So, lupus nephritis occurs in about 50% of patients who have systemic lupus erythematosis.
So, not all patients diagnosed with SLE, systemic lupus erythematosis,
are going to get lupus nephritis but about 50% of them will.
It's a frequent cause, when they do get nephritis, of morbidity and mortality in that patient population.
And there's an increase in incidence in females, Hispanic or Latino population,
as well as African American populations.
When we think about the etiology of lupus nephritis, it's really multifactorial.
Those are genetic predisposition so we can see an increase in concordance rate in monozygotic twins.
It's polygenic, meaning that multiple genes are involved. There's environmental factors.
There's a higher prevalence in lower socioeconomic settings
and there's probably viral antigens that are involved as well.
And there's an immune component as well.

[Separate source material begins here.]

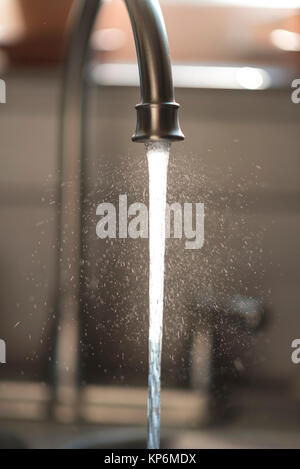 Nahaufnahme von Wassertröpfchen aus flüssigen Strom der Küche Wasserhahn, durch blured Hintergrund isoliert Stockfoto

Remember, patients have a loss of tolerance.
They have a tendency towards autoimmunity and polyclonal B cell activation.
So, it's an autoimmune disease.
So, when we think about the pathogenesis, there are antibodies that are produced against self-antigens.
Patients are recognizing self as foreign. The antibody target are actually nucleosomes.
Those are the nephritic antigens. So, when cells undergo apoptosis and necrosis,
what happens is they fail to clear from the circulation,
they spill their contents into the circulation so now that is recognized as foreign,
and the immune system becomes exposed to those intracellular contents
directing antibodies against them.
So, thinking about the pathogenesis of this disease,
again, we have antibodies that are directed at the nucleosomes, forming immune complexes.
There's a couple of different ways that they can deposit in the kidney.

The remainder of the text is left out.